What I’ve Learned: John Maneri

Posted 7/22/2015


President/CEO, Maneri~Agraz Enterprises, Ltd.

My Dad was a tavern owner who worked 364 days a year; he demonstrated a work ethic that I have attempted to mimic throughout my career. His motto was a simple one— ‘What you put in is what you get out.’ No truer words have been spoken.

A favorite quote of mine from the TV series Friday Night Lights—‘Clear Eyes, Full Hearts, Can’t Lose.’ It was the highly successful high school football team’s mantra. My interpretation is that if you have a clear vision of what your goals are, and you give it all the effort you can possibly give it, then you have already won.

Mentors are invaluable – find one or two. They can guide you when you are unsure or confused, and assure you when you feel defeated. They can fill in the gaps when striving toward your goals.

If you simply do what you say you are going to do, your customers will be thrilled and begging for more. It’s amazing how few companies practice this simple yet very effective principle. It will differentiate you from your competition and forge long lasting relationships.

Lead by example. Never ask an employee to do something that you have not done. Get out in the field and in the trenches as much as possible.

Always make your customers happy. Spend whatever it takes to satisfy them and it will come back to you threefold. Don’t be cheap. The little extras that you can provide a customer at no cost are better than any advertising or marketing dollars you will ever spend.

Treat your employees fairly and honestly, and they will reward you with loyalty and longevity.

Change is inevitable, so embrace it. Don’t let your offering or processes get stagnant. Make it a point to optimize processes and stay current with the market.

Stop talking and listen to your customers. If you do, they will tell you how to win. Educate them—don’t sell them. They are looking for partners not vendors, so listen closely and give them that value that they are asking for. Strive to be a strategic partner as opposed to a commodity-type vendor.

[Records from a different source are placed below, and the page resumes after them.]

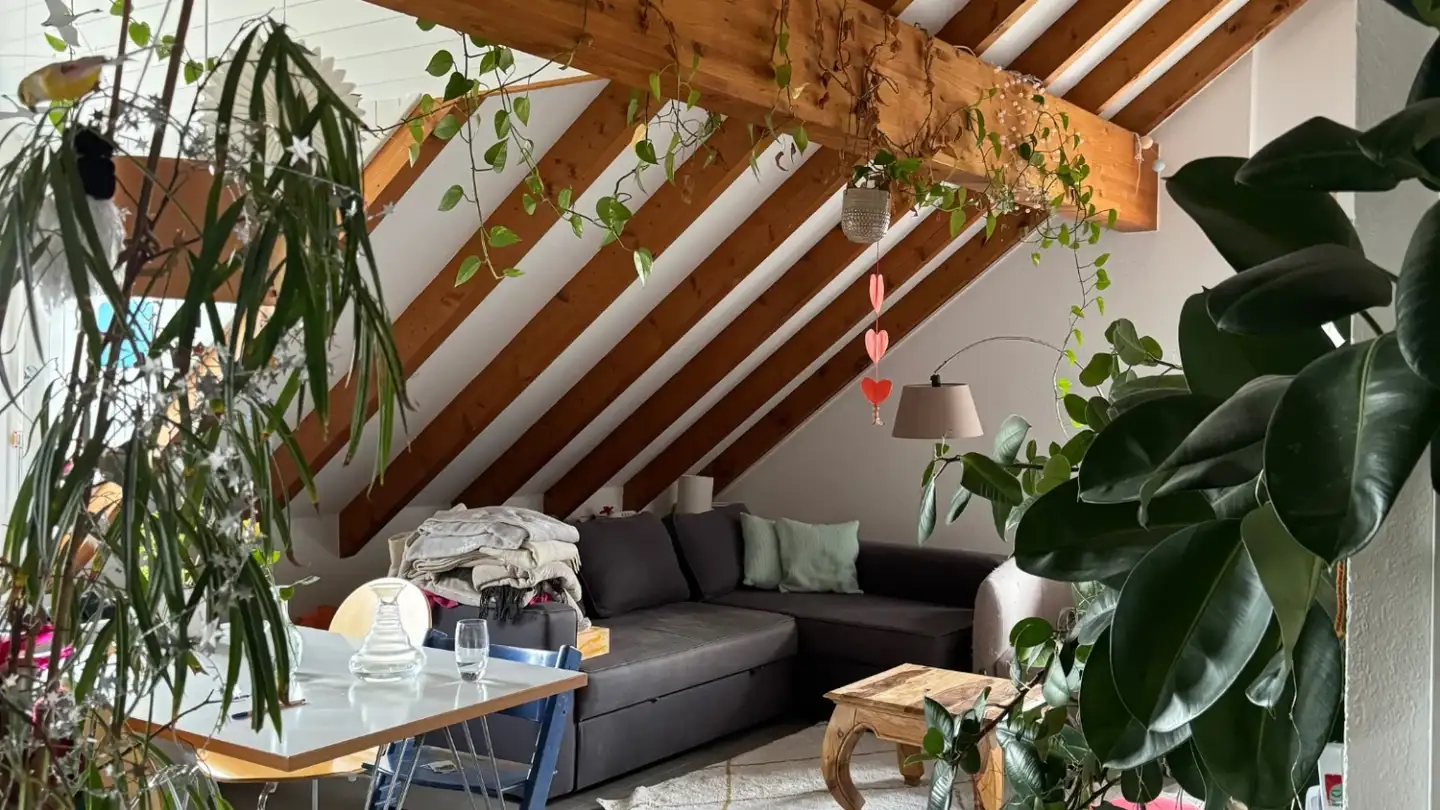 Appartement à louer - Chemin Du Pré Bally 16, 1034 Boussens - Photo 2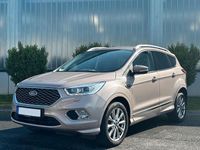 Gebraucht Ford Kuga Vignale 182 PS (133 kW) 2018 Grau SUV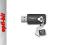 Pendrive Integral USB CRYPTO 2GB - HARDWARE AES 2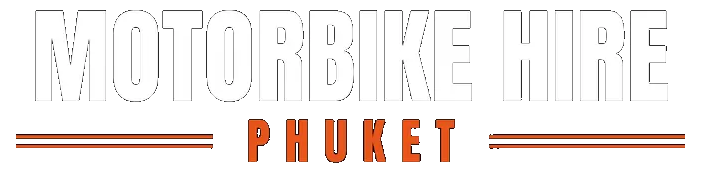 Motorbike Hire Phuket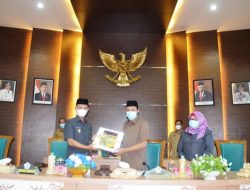Pandemi Sebabkan Keuangan Batola Menurun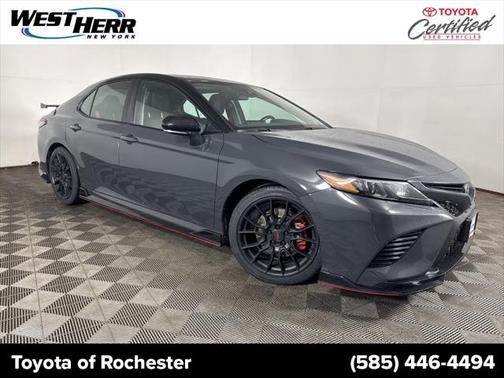 2023 Toyota Camry TRD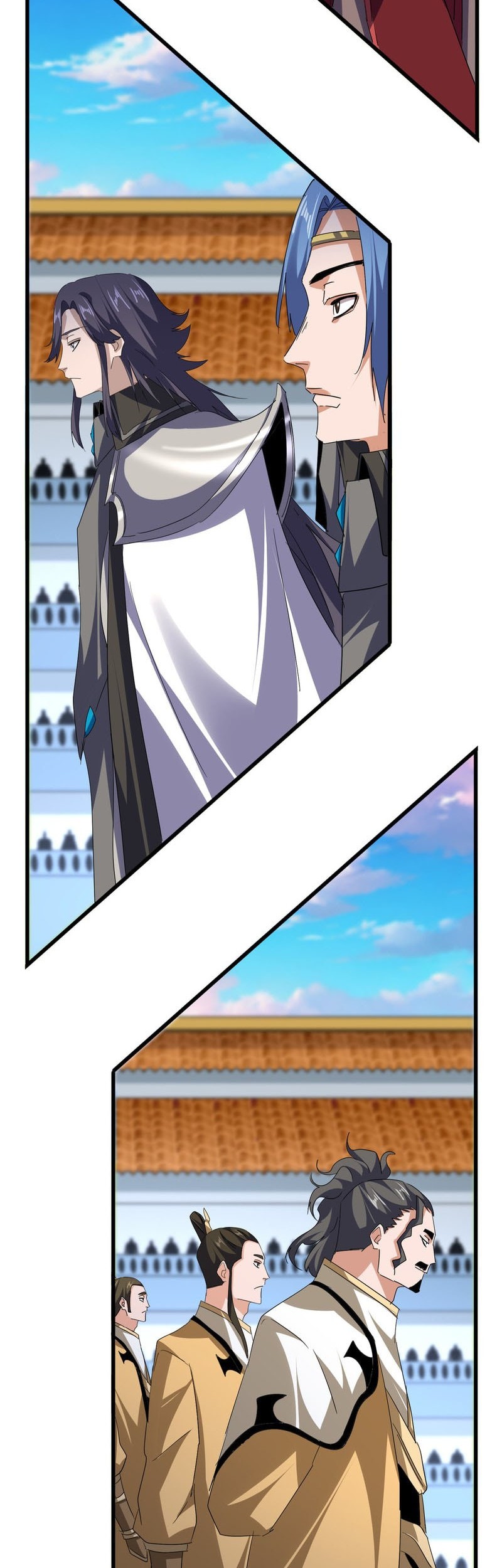 Magic Emperor Chapter 714 page 6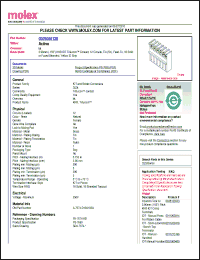 Click here to download 0009060120 Datasheet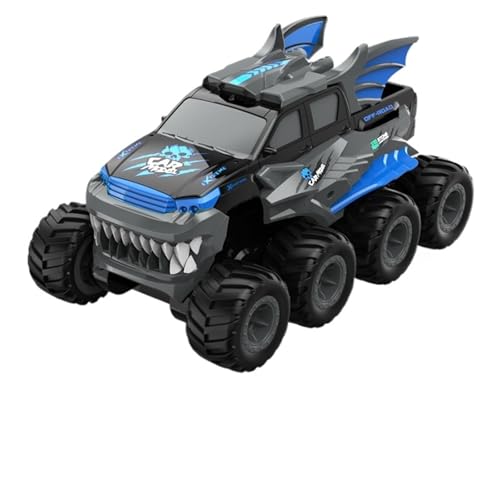 8 p WRJ[ 2.4GHz Sn`Ή It[h RC  h݌v 360°] q lp(Blue)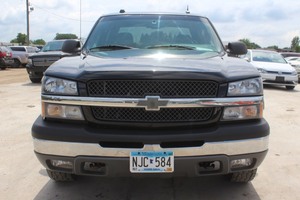 lot 42 image: 2005 Chevrolet Silverado 1500 HD LT 4x4 HEAVY HALF - 2 OWNERS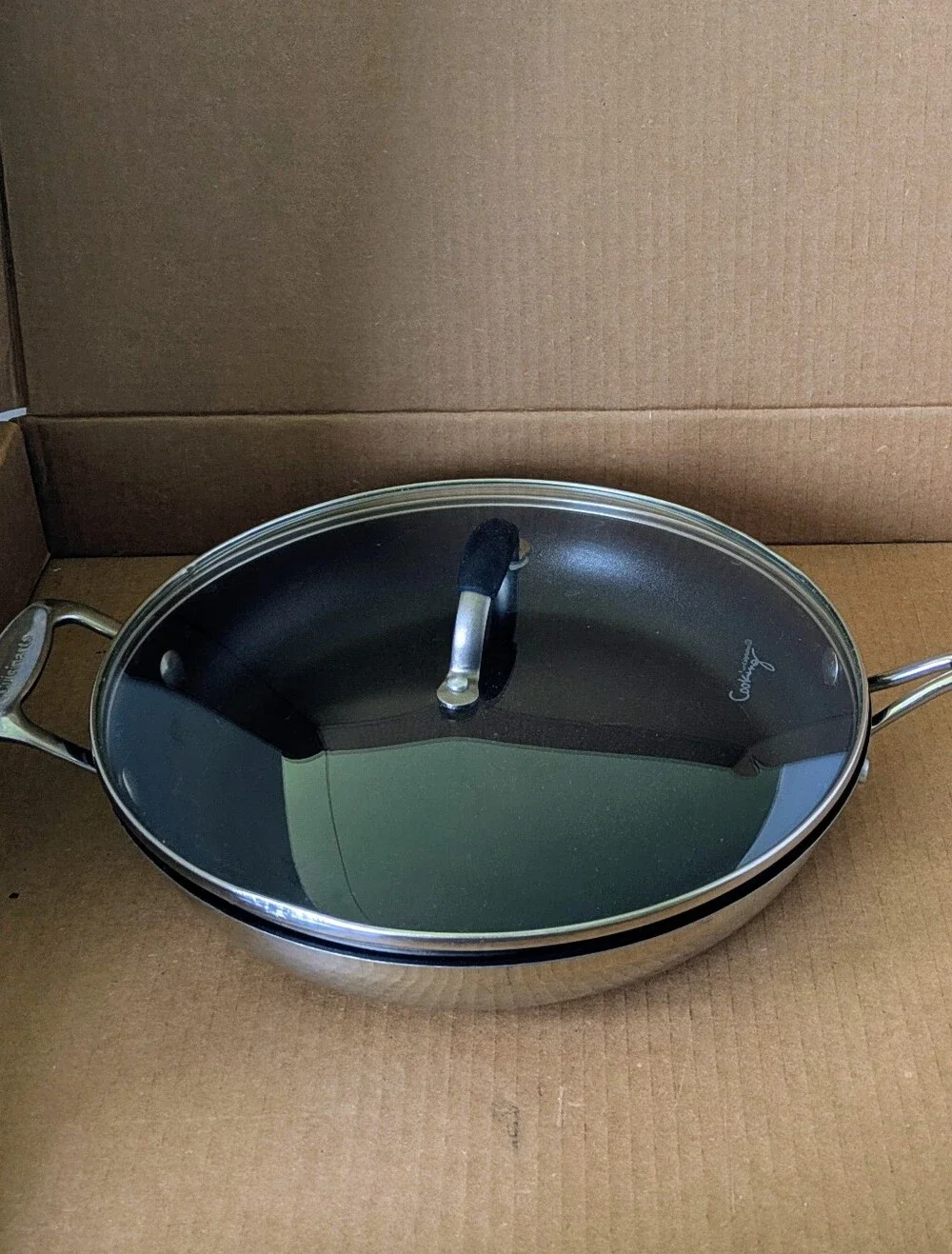 Cuisinart there are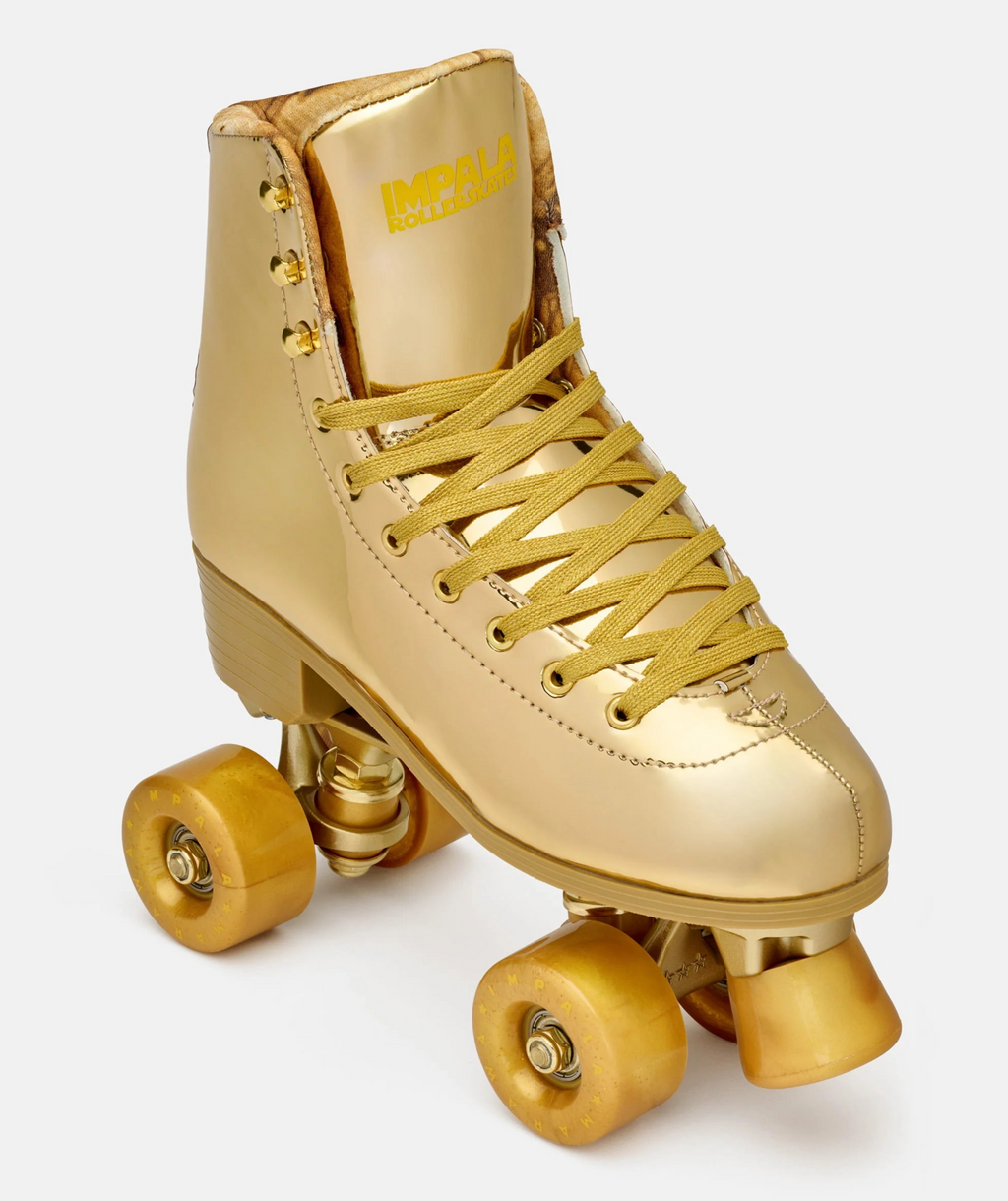 Impala Roller Skates - MARAWA GOLD - Pigeon's Roller Skate Shop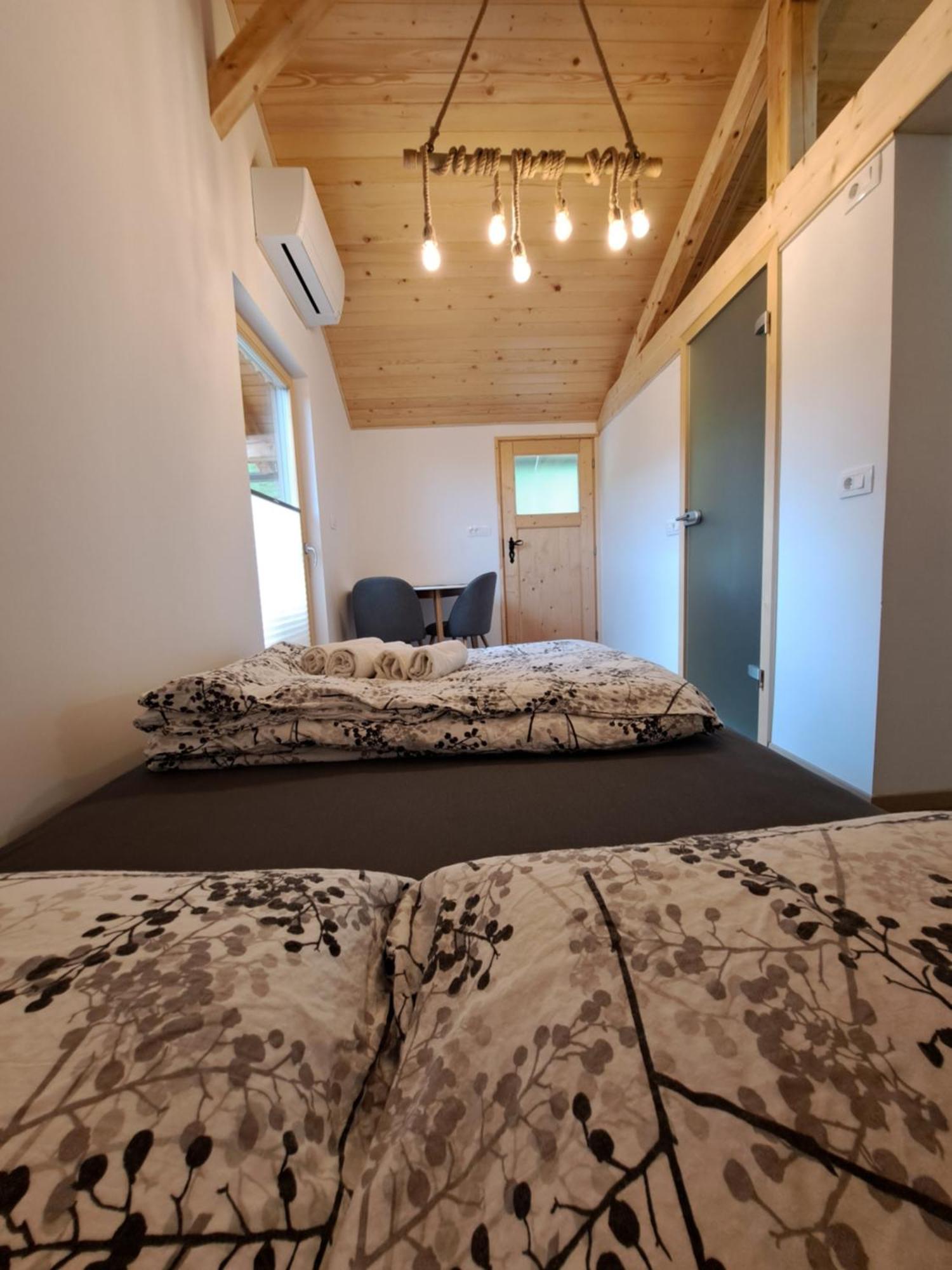 הוילה רדובליצ'ה Puzman Farm Glamping מראה חיצוני תמונה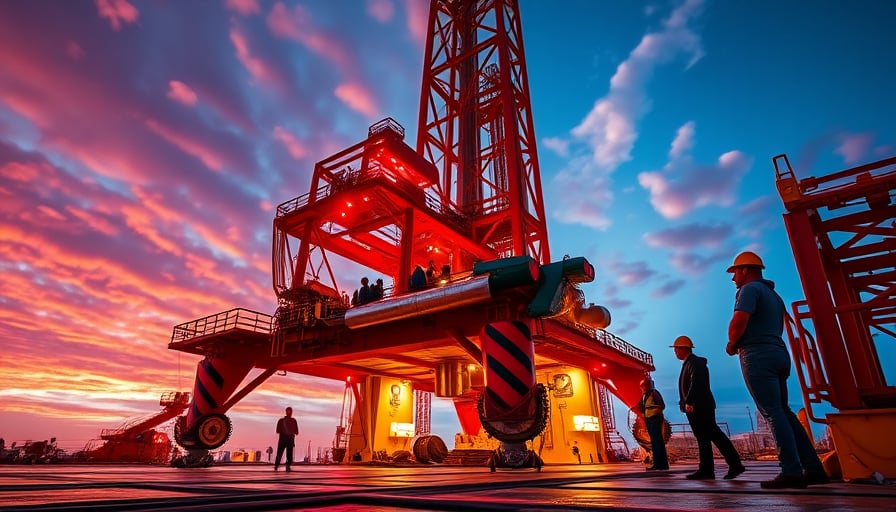How Baker Hughes' Rig‑Count Shift Could Boost North American Oil‑Field Services
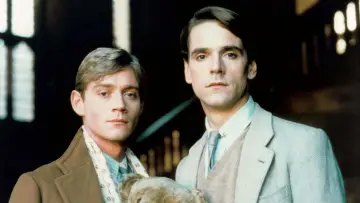 Zasłona do serialu "Brideshead Revisited" #1664803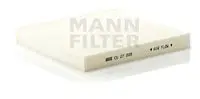 Filtru aer habitaclu Mann-Filter CU27008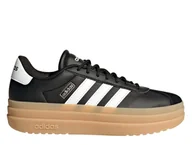 Moda i Uroda OUTLET - Buty damskie adidas VL Court Bold Czarne skóra platforma IH3081 36 2/3 - miniaturka - grafika 1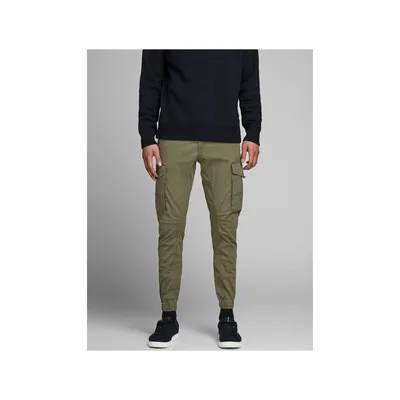 Immagine prodotto di Jack & Jones Pantaloni Chino Cargo Pantaloni Chino Cargo JJ PAUL FLAKE AKM 542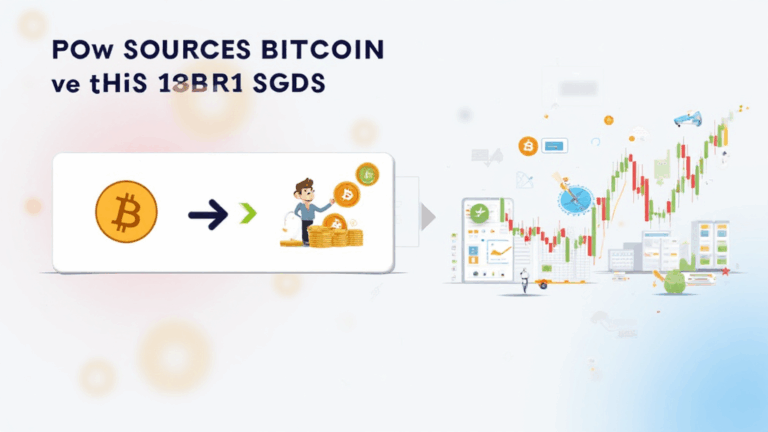 Bitcoin to SGD: Navigating the Future of Cryptocurrency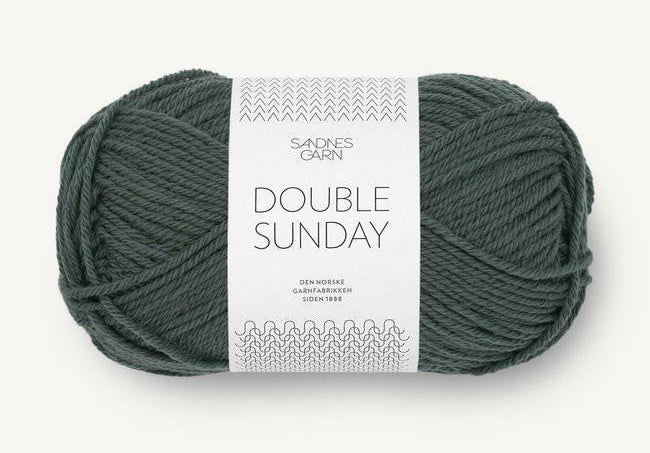 Sandnes Garn Double Sunday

Surround yourself with exceptional partners that share your culture, ethics and integrity. Your partners are an extension of you, so choose them wisely as they can impact your relationship with your customers.

Make it easy to do business with your firm. Customers love that.

Everything is negotiable.

Crisis management will eventually define you. It’s easy to manage a business when all is going smoothly, but businesses are suddenly defined when faced with a crisis. Attack it head on, do the right thing, no matter the cost.

This is the most amazing little secret to achieving a goal that I can share, yet it’s so simple that most people blow it off—write it down. Read it daily, weekly or even monthly. Revise it, edit it; just keep writing down your goals and aspirations. If you do, they will happen. I can’t attempt to explain it, but it works every time.

Be ruthless with yourself. Force yourself into uncomfortable situations that will allow you to grow as a person as well as a professional. Don’t take the easy path; take the route less traveled due to harsh conditions. Victory lies at the end of that rugged road.

My wife, Sherra, is my rock. Everyone should have a spouse that shares his or her life vision and unconditionally accepts you for who you are and the things you do.

Don’t be afraid to take risks and make mistakes. Calculated risks are the only way to grow your business and mistakes are essential for success. So make them and learn from them—they are the best learning tool you will find.